= The data =
________________

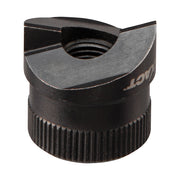 Black metal punch tool with cylindrical ribbed base, curved cutting head, and central circular opening.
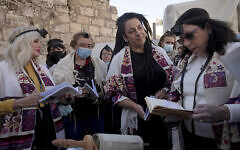 Members of Women of the Wall gather around a Torah scroll the group smuggled in for their Rosh Hodesh prayers marking the new month at the Western Wall, where women are forbidden from reading from the Torah, December 5, 2021. (AP Photo/Maya Alleruzzo)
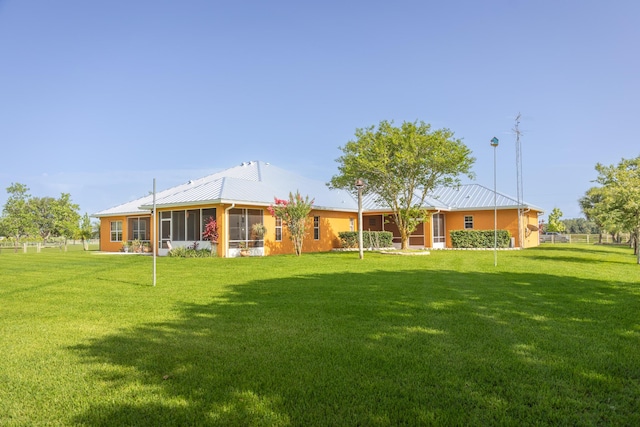 7611 SW 21st Pkwy, Okeechobee, FL 34974 - rear view of house with a yard, metal roof, and a sunroom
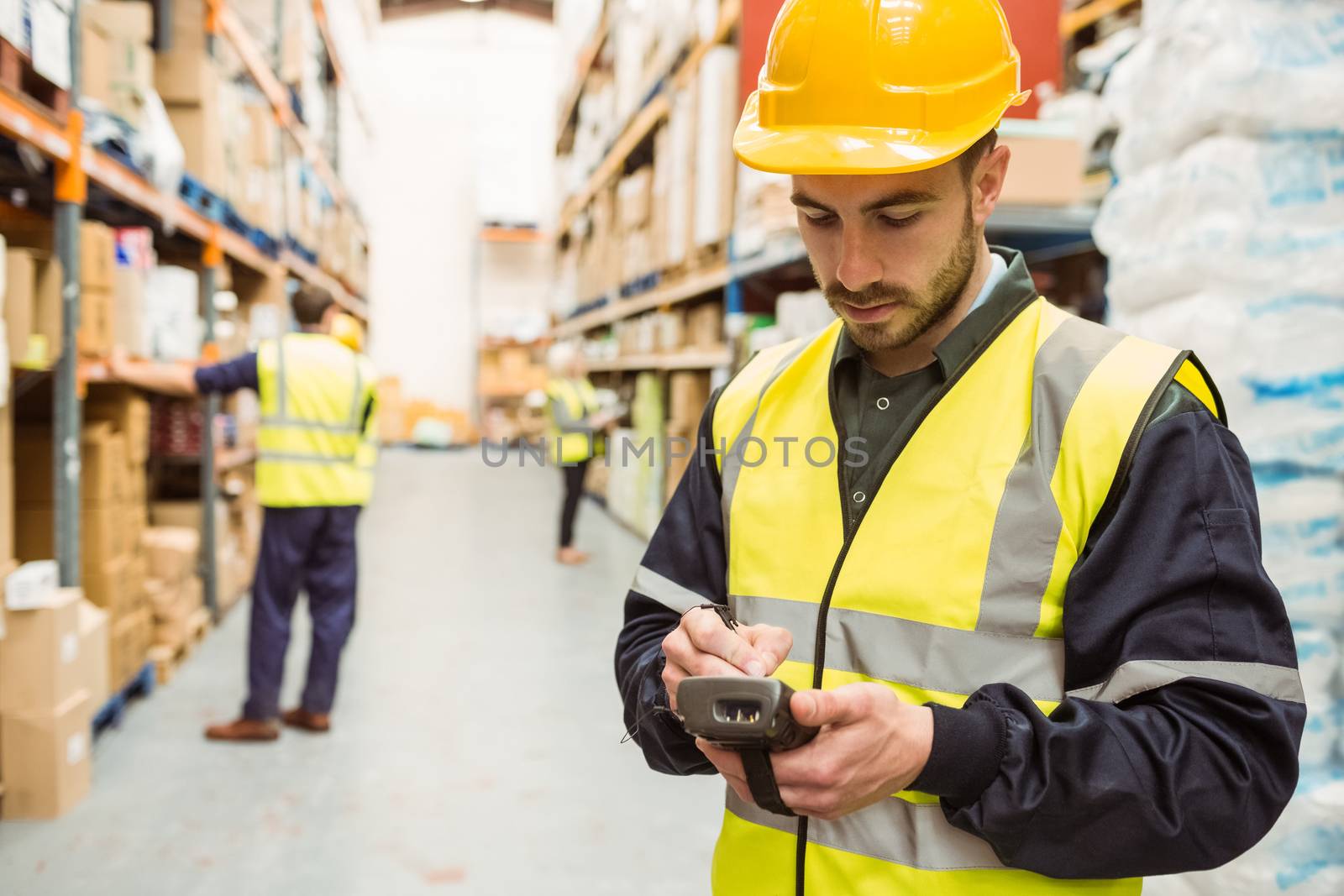 Focused worker wearing yellow vest using handheld in a large warehouse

________________

= Task goal =
Wording must stay exact. Give again the lines from the line with "7611 SW 21st" through the last line of the listing, both ends included, without pictures.

= Task result =
 7611 SW 21st Pkwy, Okeechobee, FL 34974 - rear view of house with a yard, metal roof, and a sunroom
 Focused worker wearing yellow vest using handheld in a large warehouse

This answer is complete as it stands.